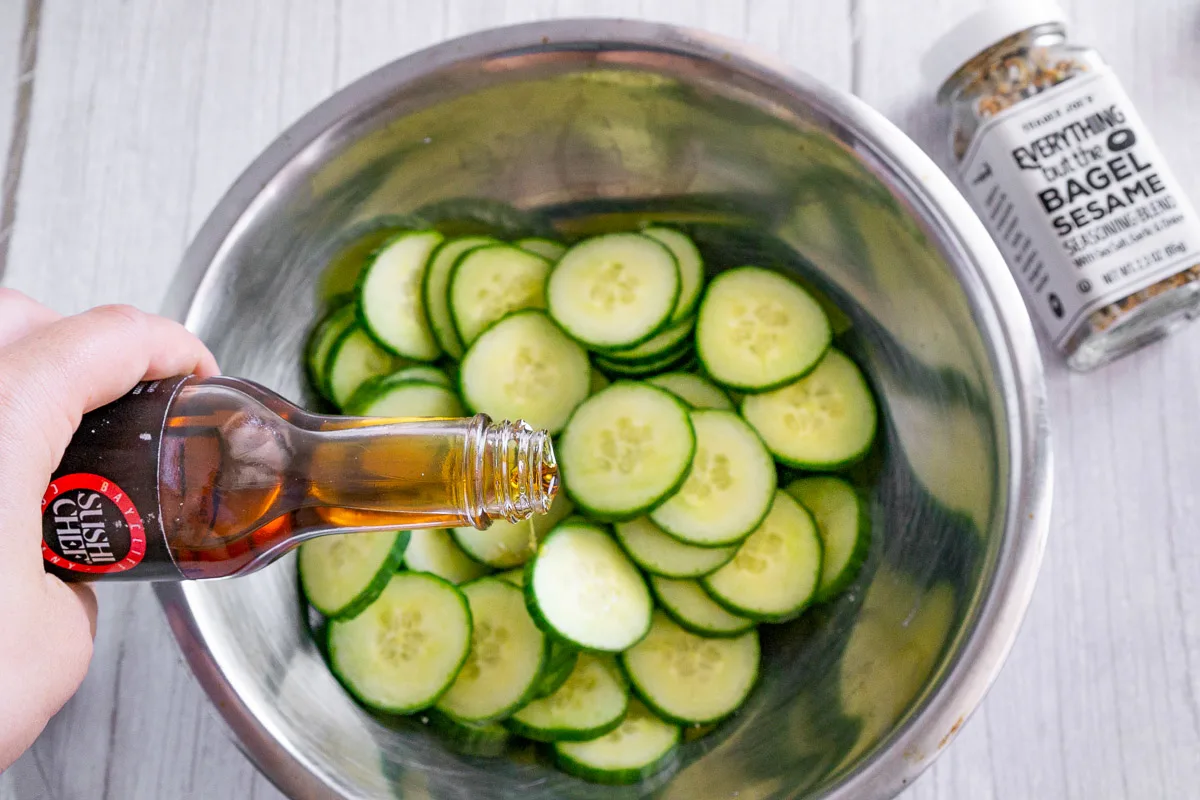 adding sesame oil to a cucumber salad without mayo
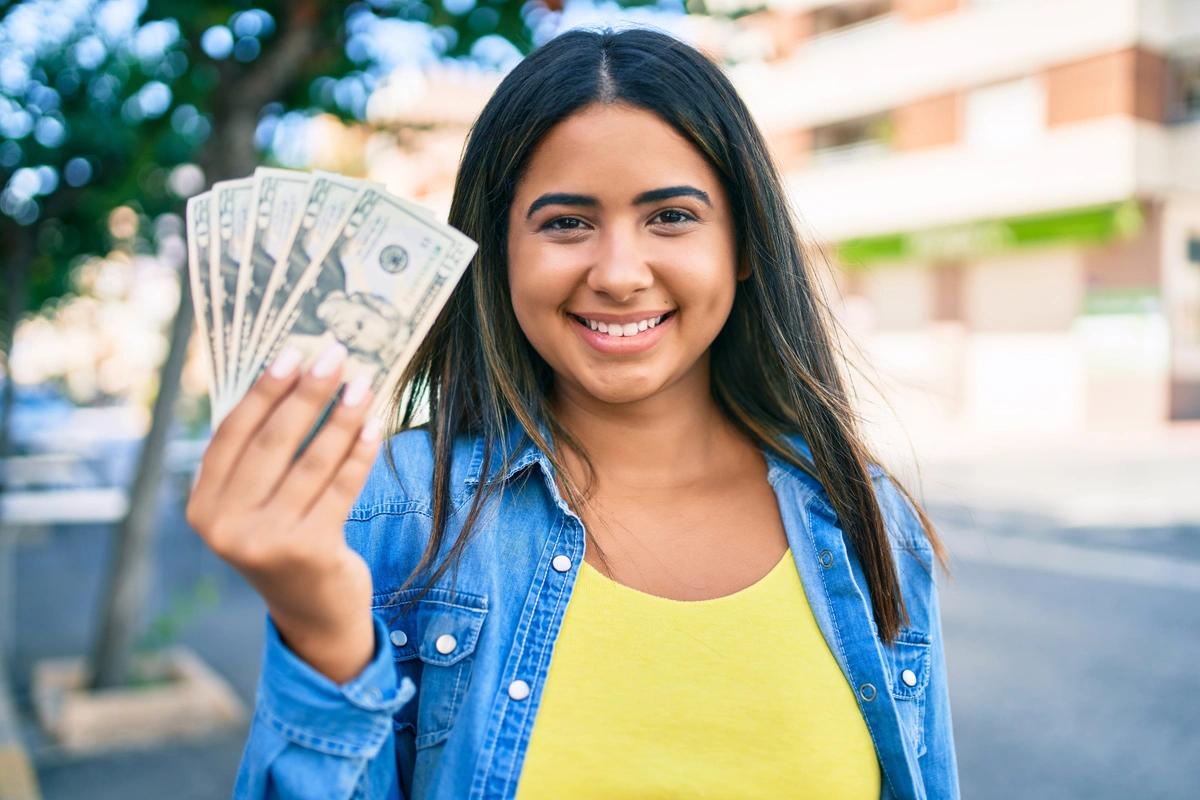young woman with money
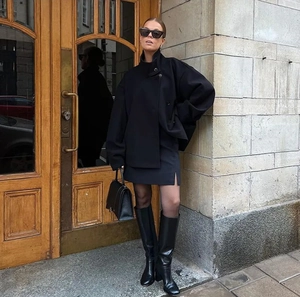 Détail d'un manteau court élégant en laine noire avec col montant et boutonnage simple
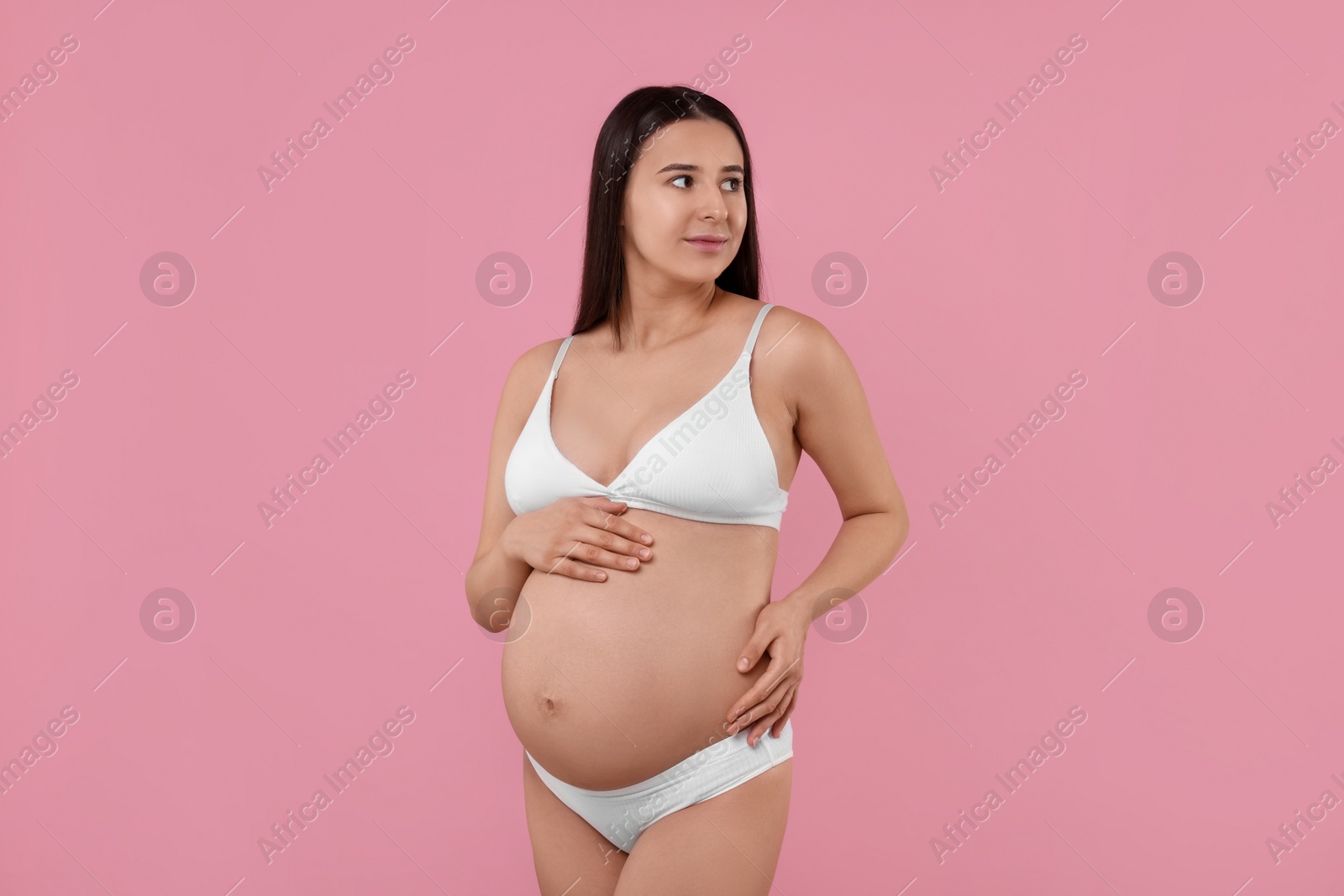 Photo of Beautiful pregnant woman in stylish comfortable underwear on pink background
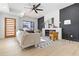 Cozy living room featuring a modern fireplace, sleek accent wall, and inviting decor at 906 Mcdaniel St, Atlanta, GA 30310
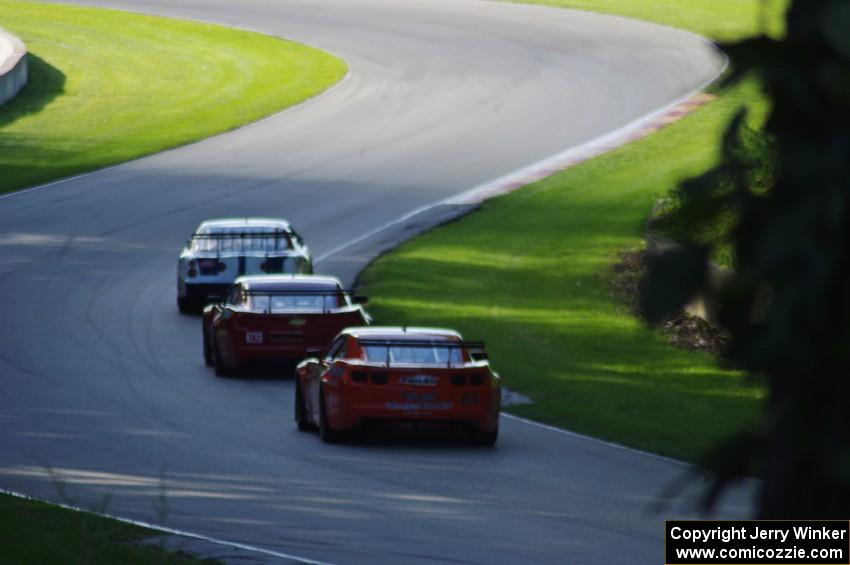 Mike Wilson's Chevy Monte Carlo, Pete Halsmer's Chevy Camaro and Tom Sheehan's Chevy Camaro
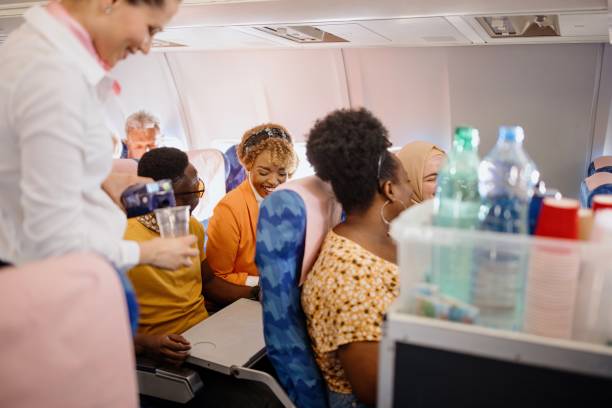 Assistente di volo che sta servendo i passeggeri con delle bevande dal trolley, e i passeggeri sono seduti nei loro sedili di aereo e sorridono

## Task requirements:
The records above are to be duplicated exactly, pictures left out.

## Solution for this task:
 adding sesame oil to a cucumber salad without mayo
young woman with money
 Détail d'un manteau court élégant en laine noire avec col montant et boutonnage simple
 Photo of Beautiful pregnant woman in stylish comfortable underwear on pink background
 Cozy living room featuring a modern fireplace, sleek accent wall, and inviting decor at 906 Mcdaniel St, Atlanta, GA 30310
 Mike Wilson's Chevy Monte Carlo, Pete Halsmer's Chevy Camaro and Tom Sheehan's Chevy Camaro
 Assistente di volo che sta servendo i passeggeri con delle bevande dal trolley, e i passeggeri sono seduti nei loro sedili di aereo e sorridono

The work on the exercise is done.